Corn futures are trading sharply lower at midsession. Improved crop weather in the Corn Belt and news that China was again raising its bank reserve requirements in an attempt to slow inflation are pressuring the market. Crop conditions as of Sunday were pegged at 69% good-to-excellent, which was slightly above expectations and the ten-year average of 68% for this time of year. Weather this week is expected to help conditions improve this week. Corn is sharply lower despite weakness in the dollar and strength in the stock market and crude oil. July is 28 cents lower at $7.54 1/2 and December is 24 cents lower at $6.80 1/2. 

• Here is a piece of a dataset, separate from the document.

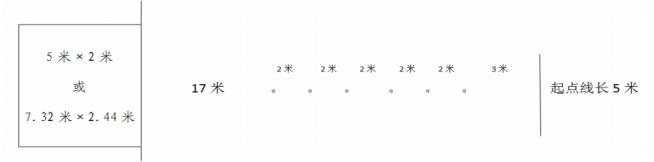 四川省体考足球打点技巧,体考统招足球打点技巧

Soybean futures are trading solidly lower at midday. The market is being pressured by improved weather for crop development in the Midwest this week, spillover weakness in corn and news that China was raising bank reserve requirement to try to slow inflation. In its initial crop rating of the season, USDA estimated at 67% good-to-excellent, which is above the long-term average but below last year’s rating for this time of year. When technical support was broken, losses were extended. July is 18 cents lower at $13.64 3/4 and November is 17 3/4 cents lower at $13.59. 

Wheat futures are strongly lower at midsession. Spillover pressure from corn, expanding winter wheat harvest into Kansas and improved crop weather for the wheat crop in Europe are weighing on futures. Early harvest reports show poor yields in the southern Plains, but good quality. USDA estimated the crop was 22% harvest as of Sunday compared to the ten-year average of 14%. The MGE is lower despite continued planting delays. Spring wheat condition ratings last week were 68% good to excellent, 4% below the ten-year average. CBOT July is 17 1/2 cents lower at $7.25, KCBT July is 17 cents lower at $8.34 and MGE July is 16 cents lower at $9.69 1/4. 

Cattle futures are trading mixed at midsession. Futures are finding some support this morning from firm boxed beef prices on Monday, ideas of steady to firm cash trade this week and strength in the stock market. However, gains have been limited and futures have been lower at times on spillover pressure from weakness in corn. Sharp losses in corn could lead to additional cattle feeding. August is 53 cents higher at $104.55 and October is 13 cents higher at $110.85.

Lean hog futures are mixed at midday. Some contracts are being supported by strength in the stock market, the 67 cent jump in pork cutout values and steady to firm cash markets. Cash hog prices were steady to firm this morning as packers as most packers are short-bought and in need of supplies. But futures deeper deferred contracts are being pressured by weakness in corn that could lead to increased pork production. July is 40 cents higher at $93.93 and August is 43 cents higher at $92.80.